Generally, Transnistria is depicted in the foreign news as a unwelcoming place, where criminal and illegal activities are the principal resources of the country. Best case scenario, Transnistria is shown as the last remaining piece of the Soviet Union. Anyway, is Transnistria really stuck back in time, is it still a Soviet state? Does the society still attach value to socialist values?
Despite the abundance of Communist symbols all over the place — the flag here still displays hammer and sickle — Transnistria today looks like any other modern country. Transnistrian citizens follow the diktats of a consumeristic and globalized society, which often remains a pipe dream due to a fragile economic situation. A new modern icon seems to have backed up the traditional symbols of communism, which characterised each element of the urban landscape for decades: Vladimir Putin. The Russian president is more and more present, painted on the bodyworks of the off-roads or printed on the t-shirts while stroking a puppy.

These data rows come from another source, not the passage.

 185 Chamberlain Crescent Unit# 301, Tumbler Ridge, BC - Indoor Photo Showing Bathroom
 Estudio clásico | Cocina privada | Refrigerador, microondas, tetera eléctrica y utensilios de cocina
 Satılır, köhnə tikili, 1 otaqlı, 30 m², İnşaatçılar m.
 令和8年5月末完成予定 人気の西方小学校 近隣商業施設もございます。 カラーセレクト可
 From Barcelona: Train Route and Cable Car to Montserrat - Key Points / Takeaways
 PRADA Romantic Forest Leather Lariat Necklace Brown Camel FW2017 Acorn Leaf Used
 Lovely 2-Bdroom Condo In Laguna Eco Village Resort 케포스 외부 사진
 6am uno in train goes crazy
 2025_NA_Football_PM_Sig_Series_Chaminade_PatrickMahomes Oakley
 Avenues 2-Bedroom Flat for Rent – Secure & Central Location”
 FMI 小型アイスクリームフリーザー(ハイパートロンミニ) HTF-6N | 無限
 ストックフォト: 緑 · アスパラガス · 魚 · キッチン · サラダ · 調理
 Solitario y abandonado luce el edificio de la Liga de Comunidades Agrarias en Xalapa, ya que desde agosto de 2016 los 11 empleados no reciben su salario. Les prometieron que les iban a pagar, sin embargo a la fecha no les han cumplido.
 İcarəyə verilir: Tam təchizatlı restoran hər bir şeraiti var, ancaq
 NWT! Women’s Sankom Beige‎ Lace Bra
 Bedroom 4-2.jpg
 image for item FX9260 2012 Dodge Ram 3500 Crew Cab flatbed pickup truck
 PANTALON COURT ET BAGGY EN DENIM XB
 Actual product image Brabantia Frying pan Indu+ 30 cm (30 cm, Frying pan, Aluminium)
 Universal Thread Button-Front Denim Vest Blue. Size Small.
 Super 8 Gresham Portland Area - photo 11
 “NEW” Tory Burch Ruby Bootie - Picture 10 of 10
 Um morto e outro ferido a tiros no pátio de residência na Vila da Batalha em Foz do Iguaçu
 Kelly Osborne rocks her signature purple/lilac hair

In the unrecognised republic that looks towards Moscow and asked for a Russian annexation after the Crimean referendum, a stalemate affects the domestic status. The situation is well pictured by the paradox of Transistrian passports: available only within the national borders, they force citizens to ask for a foreign passport if they want to expatriate. Moldavian or Russian ones are the most requested, and lots of people usually own more than a document, waiting to understand the direction of future Transnistrian politics.